朝起きると、食卓には私の大好きなものばかりが、きちんと並べられていた。
ソファで新聞を読んでいた翔ちゃんに聞くと、朝早くに智くんとニノが作ってくれたと言う。
「なんか嬉しそうにやってたぜぇ。たーちゃん、喜ぶな~。うしし。とか言いながら。いたずらしてんのかと思ったくらい。」
と口調を真似て笑う。そんな2人を想像しながら紅茶を入れて座るころ、翔ちゃんが食卓に移動して来ていた。
「俺はここで見てる役。」
「見てる役?」
「いや、なんでもない。召し上がれ、お姫様。」
首をかしげながら手を合わせて挨拶をする。翔ちゃんはニコニコしたままで私を見ている。食べ始めてもほぼ同じ顔のまま、動く様子もない。

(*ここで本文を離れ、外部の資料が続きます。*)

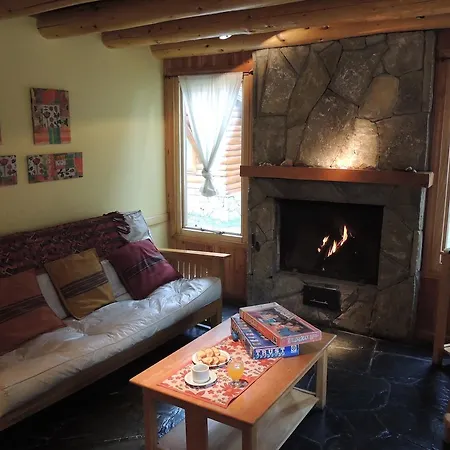Villa Huella Blanca San Martín de los Andes Habitación foto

「あの、翔ちゃん?悪いけど、どちらかというと見られていないほうが・・・。」
「いいの、いいの。俺はたーちゃんのこと見ていられればそれで幸せなんだから。・・・あっ、待てよ、それがストレ・・・」
「はい・・・?」
1人でなにやら取り乱す翔ちゃんの、あまりにも優しいのにどこか可笑しい笑顔と仕草に、思わず噴き出しそうになる。そんな私を見て、落ち着きを取り戻した翔ちゃんの笑顔は更に優しくなる。私は底知れない心地よさに包まれて、みるまに食事を終えてしまった。もう少し、ゆっくり食べればよかった。
翔ちゃんが出掛けると同時に、雅紀くんがジョギングから帰ってきた。激しい汗。
「あー、あっちぃ!ただいま~。シャワー頂きまーす。」
バスルームに向かいながら言ったと思うと、急に立ち止まって振り向いて、
「たーちゃんまだ出掛けないでしょ?今日一緒に行こうよ。3限からでしょ?ちょっとだけ待ってて、ごめん。」
珍しい誘いにきょとんとしてしまった私を置いて、雅紀くんはシャワーを浴びに行ってしまった。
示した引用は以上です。